Jacob, Jacob, Valérie Zenatti
Jacob, Jacob, août 2014, 168 pages, 16 €
Ecrivain(s): Valérie Zenatti Edition: L'Olivier (Seuil)
Jacob Melki est un jeune juif de Constantine. Nous sommes en 1944 et la France a besoin de soldats pour achever la libération de la France en cette avant-dernière année de guerre. Jacob, pour sa part, rêve d’amour, en particulier avec Lucette qui lui rappelle qu’il va bientôt partir à l’armée. Il se souvient de ses premières impressions, de la séduction produite sur Lucette, dans les files d’attente des marchands de glace…

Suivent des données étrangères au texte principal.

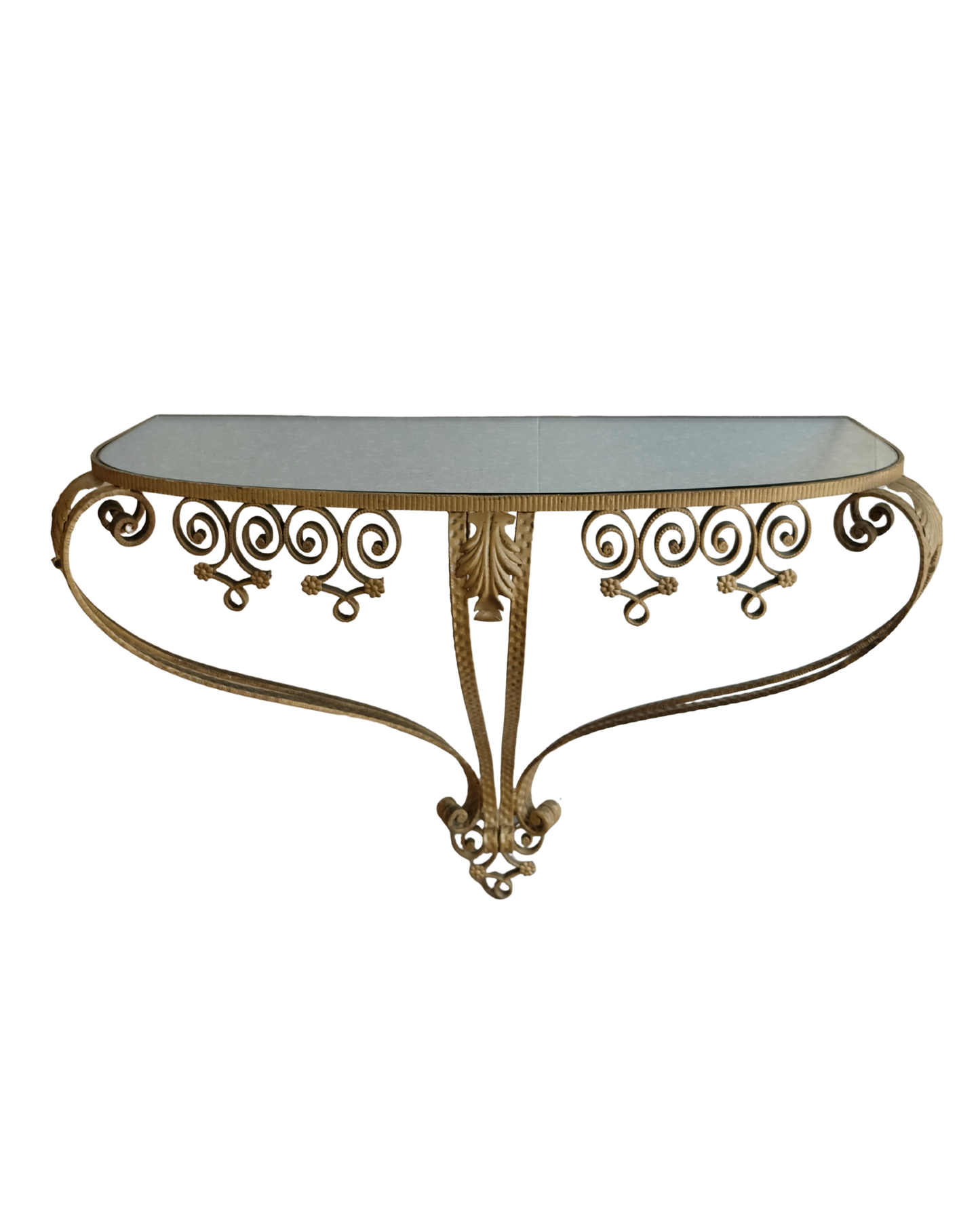 GILDED IRON & MIRROR WALL CONSOLE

Nous sommes dans l’Algérie de la Seconde Guerre Mondiale, pays qui a retiré la citoyenneté française aux Juifs d’Algérie pendant le régime de Vichy, mais cherche à présent des recrues.
A la caserne de recrutement de l’armée, Jacob aperçoit des camarades du lycée d’Aumale. Les recrues s’appellent Melki, Bonnin, Ouabedssalam, Attali, Haddad, représentants des différentes communautés de l’Algérie d’alors. Pourtant, la fraternité d’armes ne s’impose guère d’évidence, à tel point que l’un des enrôlés, Haddad, a sauté par-dessus bord, tandis que le navire qui les emmenait sortait de la baie d’Alger…
Ils découvrent dans l’armée les premières humiliations, les premières peurs, l’inutilité ce que leur instituteur leur avait appris, leur sergent-chef préfère ainsi « les soldats qui truffent leurs phrases de fautes, sauf ceux qui sont musulmans et qu’il appelle des bougnoules, eux il les corrige en éclatant de rire, les affuble de surnoms qui le ravissent, Fatima, Bourricot, Bab El Oued ».
Au cours des combats en France, durant la libération de l’Alsace, Jacob est initié à l’amour par Louise. Cette relation amoureuse lui apporte un soutien moral décisif durant cette guerre, durant laquelle il va être témoin de la mort de certains de ses compagnons d’armes, parmi lesquels Bonnin. Le personnage de Jacob ne se pose pas de questions, il est emporté par l’Histoire, par son arbitraire, sa cruauté. L’auteure indique à la fin du récit ses origines familiales : « Jacob avait dû la vie au mariage arrangé entre Rachel et Haïm, le 17 octobre 1906, dans l’arrondissement de Guemla, commune de Tébessa ». On y dévoile la consistance profonde de Jacob : « Jacob était fait de ces mots transmis de génération en génération, prières, bénédictions, exclamations, il était fait aussi des silences si nombreux autour de l’amour, de la mort ».
Beau roman, qui nous fait toucher du doigt la condition de ces gens simples décrits dans le récit, pris dans les méandres cruels de l’Histoire, dévoreuse de destins.